# Markov Chain Monte Carlo Demo

This is a demo of estimating Posterior Probabilities for a simplified case where we can work out the problem analytically, and show that Metropolis-Hastings algorithm for estimating the posterior via simulation is indeed working and giving us the right answer.

## Problem Definition

Your sibling has a loaded coin that you know will come up heads about 70% of the time, and they come to you with a coin which you are not sure is loaded or fair, and they want to make a bet with you.
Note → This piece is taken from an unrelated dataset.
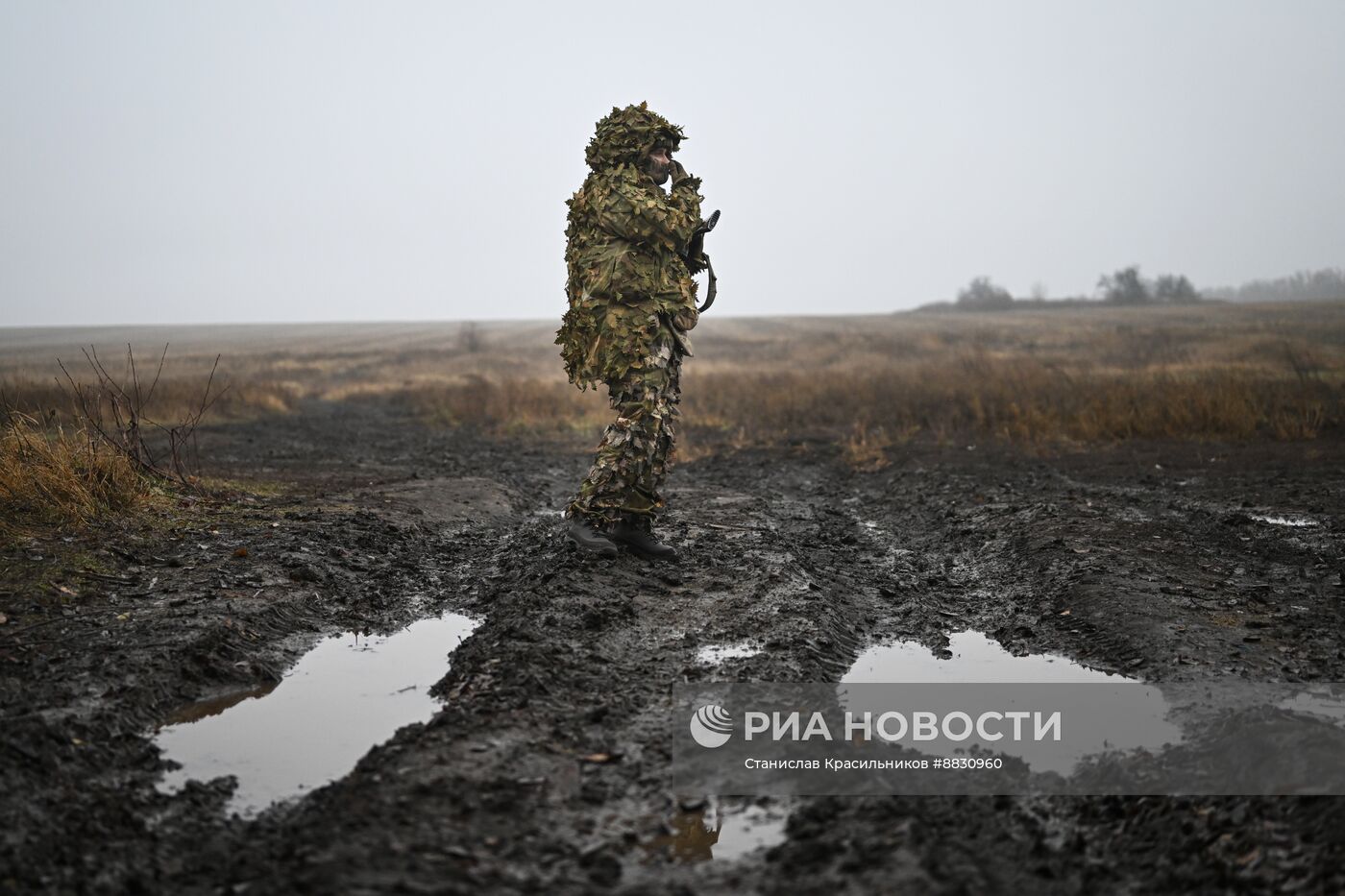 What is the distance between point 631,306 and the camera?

Prior probability of it being a loaded coin is 60%. You flip it 5 times, getting 2 heads and 3 tails. What is the posterior probability that this is a loaded coin?

In [1]:
from scipy.special import comb
import pymc3 as pm
import numpy as np
%matplotlib inline

## Analytical Solution

* $\theta$ = {fair, loaded}
* prior P($\theta$ = loaded) = 0.6
* likelihood f(x|$\theta$) ~ Binomial(n=5, p=0.7) if loaded, Binomial(n=5, p=0.5) if fair
* posterior f($\theta$|x) = $\frac{f(x=2|\theta)*f(\theta)}{f(x)}$ by Bayes theorem

In [2]:
prior_loaded = 0.6
prior_fair = 1 - 0.6
likelihood_if_fair = comb(5, 2) * (0.5)**5
likelihood_if_loaded = comb(5, 2) * (0.7)**2 * (0.3)**3
denom = (likelihood_if_fair * prior_fair) + (likelihood_if_loaded * prior_loaded)
posterior_fair = (likelihood_if_fair * prior_fair) / denom
posterior_loaded = (likelihood_if_loaded * prior_loaded) / denom
print("Analytically, P(\u03b8=loaded|x=2): {:.5f}".format(posterior_loaded))
print("Analytically, P(\u03b8=fair  |x=2): {:.5f}".format(posterior_fair))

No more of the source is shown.